What I liked: There’s a lot about this film that is well done from a technical perspective. It’s looks good and is well shot. The production design is top-notch, capturing the look and feel of South Africa in the mid-1990s.
Also, the acting is pretty good. Matt Damon, who plays the captain of the rugby team, puts on some muscle and a pretty decent South African accent to become his character. Morgan Freeman is stately enough for Nelson Mandela (although he still comes off more as Morgan Freeman than disappearing into the character), and he’s compelling to watch.
What I didn’t: Unfortunately, aside from the technical level, there’s something missing from the film. It just seems thrown onto the screen without any real cohesion or focus. Even after watching the entire thing, I can’t say what happened in the middle. It bored me quite a bit, and I just couldn’t bring myself to find interest in the otherwise historic events.
The movie shifts focus from a political film to a sports movie, and I suppose if you knew the ins and outs of rugby, you’d really get into the climax. However, for a big, dumb American like myself, I was confused. A movie about Quidditch would have made more sense.
I kept wishing that Christopher Johnson from District 9 and Walt Kowalski from Gran Torino would show up and kick start some action… Sadly that didn’t happen.
Who is gonna like this movie: Fans of Clint Eastwood, Morgan Freeman or Myaaat Daaaahmon.
THE LOVELY BONES
Studio: Sony Pictures
Rated: PG-13 for mature thematic material involving disturbing violent content and images, and some language.
Starring: Mark Wahlberg, Rachel Weisz, Susan Sarandon, Stanley Tucci and Saoirse Ronan
Directed by: Peter Jackson
What it’s about: Back in the 70s, fourteen-year-old Susie Salmon (Saoirse Ronan) is murdered by a man in her neighborhood. The event tears her family apart, with her mother retreating emotionally and her father obsessing about finding the killer. Meanwhile, in “the in-between,” Susie finds herself in limbo, trying to let go of her former life while trying to communicate with her family and help them solve her murder.
What I liked: There is a beauty to this film that works on several levels. Rather than being a crime thriller, it’s a movie about letting go, and it definitely makes its points about that. Not only does Susie have to let go of her time on Earth, but her family has to let go of her memory to a degree. As a parent, this kind of film can really hit close to home.
The Lovely Bones is very well acted, and the in-between scenes are quite inspired. In particular, Stanley Tucci brings a very disturbing performance as Susie’s killer, and the film manages to get inside his head. Also bringing a good performance is Susan Sarandon as Susie’s lush grandmother who comes to help the family out in their time of need.
What I didn’t: Okay, this isn’t as long and drawn out as King Kong or the Lord of the Rings movies, but Peter Jackson is still a glutton for his own art on the screen. The movie runs a bit too long with scenes breathing more than they need to, resulting in a running time north of two hours. And don’t get me started on his unnecessary cameo that makes M. Night Shyamalan look humble in his desire to put himself in his movies.

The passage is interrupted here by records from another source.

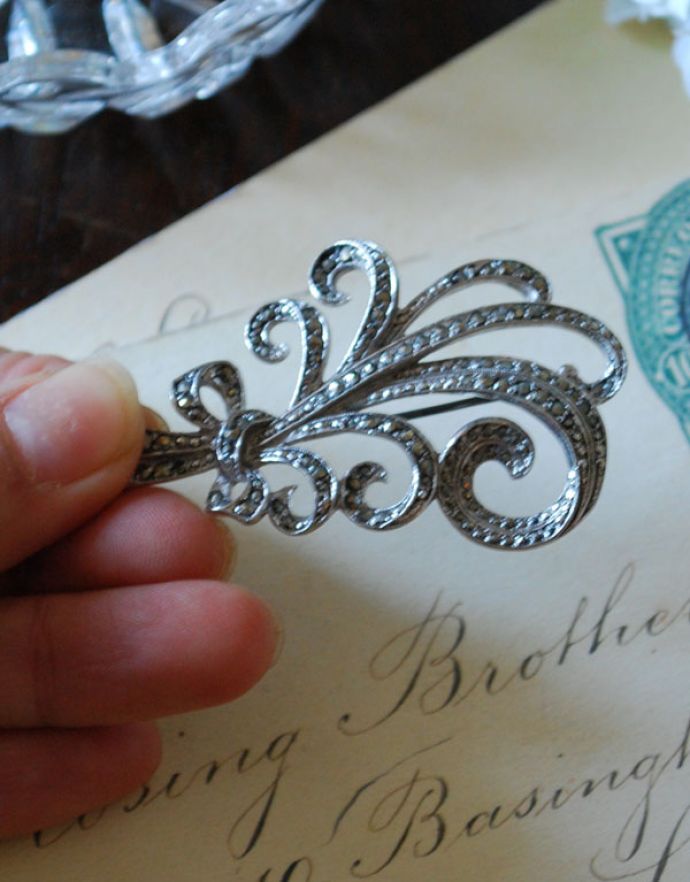 アンティークアクセサリー　アンティーク雑貨　イギリスで見つけたアンティークアクセサリー、リボンモチーフのブローチ。飾っておくだけでも素敵です。(h-298-z)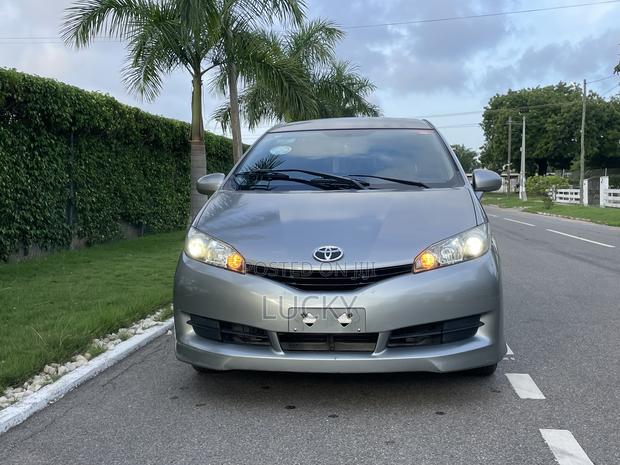 Toyota Wish 2012 Silver
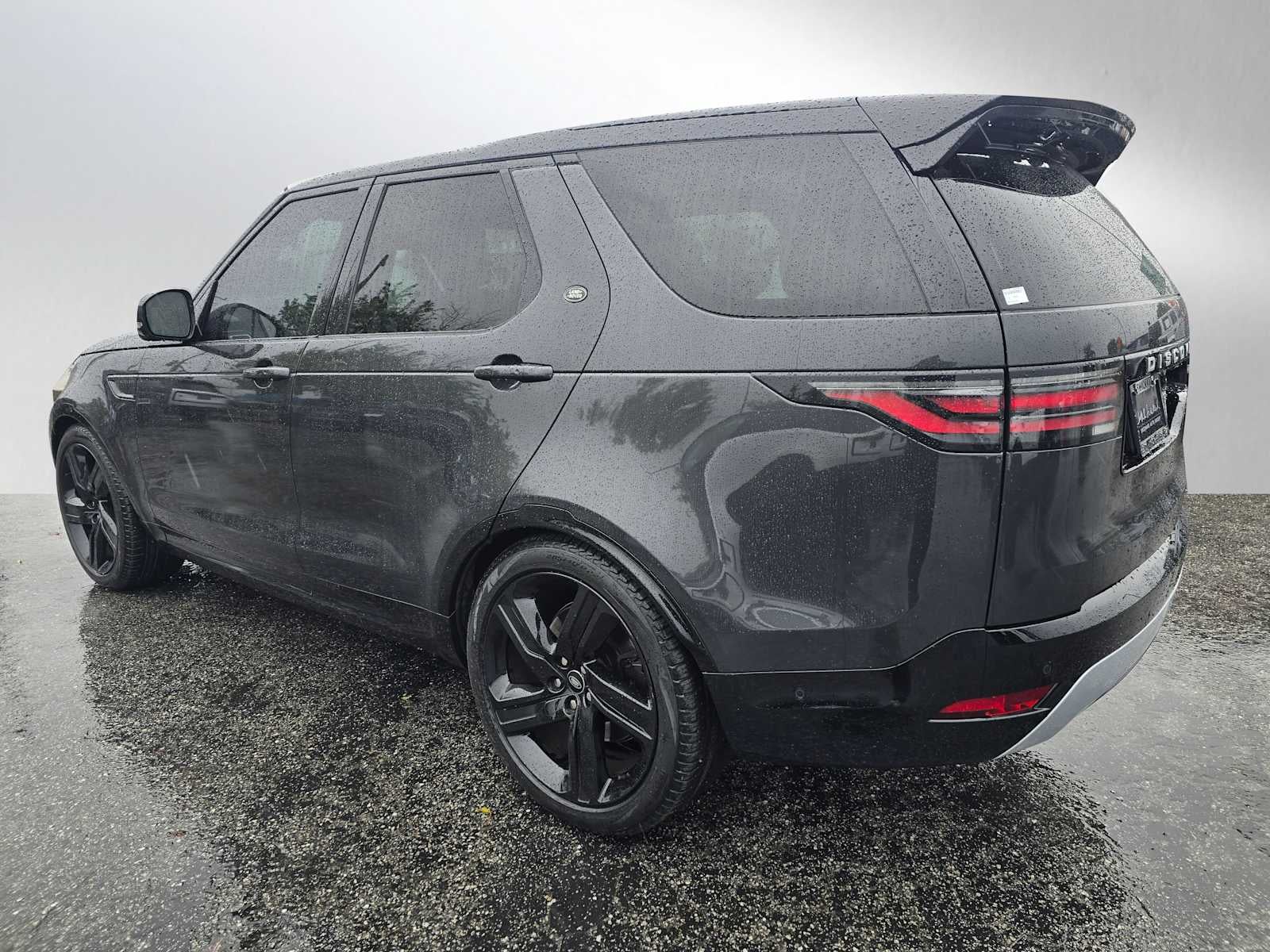 2023 Land Rover Discovery Metropolitan Edition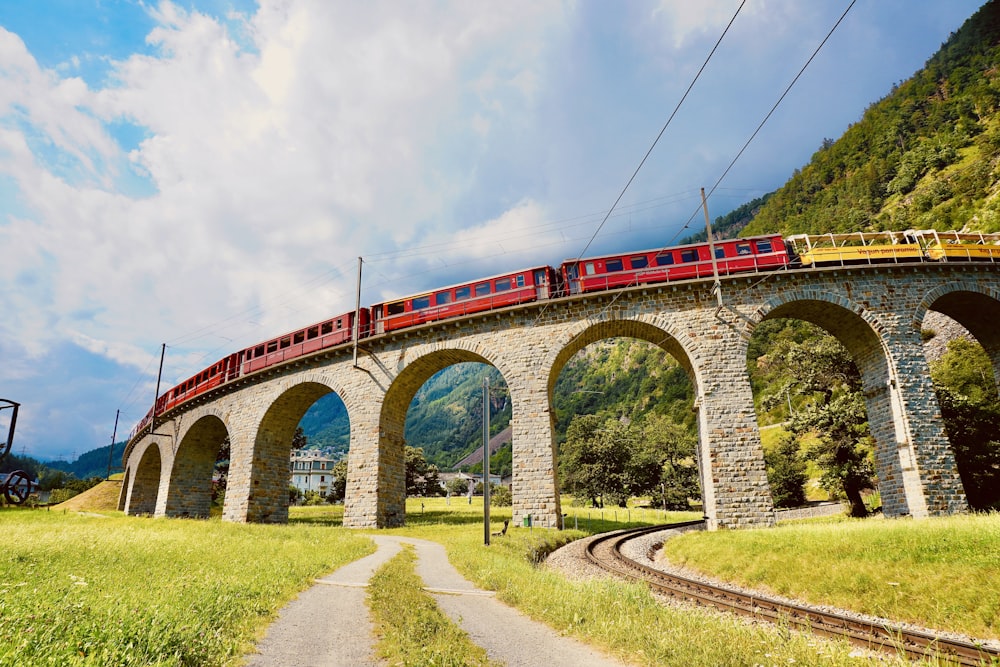 Rote und weiße Brücke tagsüber unter bewölktem Himmel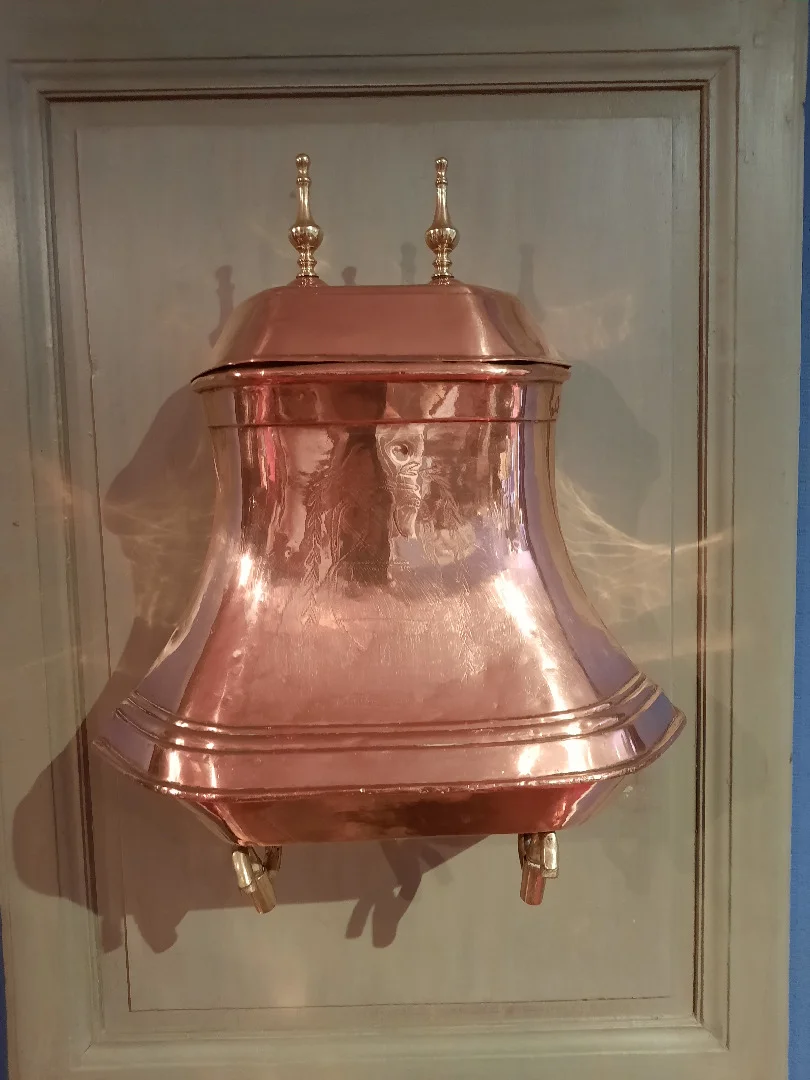 EIGHTEENTH CENTURY WATER FOUNT AND BASIN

I realize that there were some serious challenges in bringing the movie to life, and Jackson does a good job conveying the abstract elements of the film. However, it just doesn’t always click. Having not read the book, I think I figured out what was going on, but I was left confused by how knowledge seemed to pass from Susie to her family.
Who is gonna like this movie: Fans of the book who won’t mind some changes.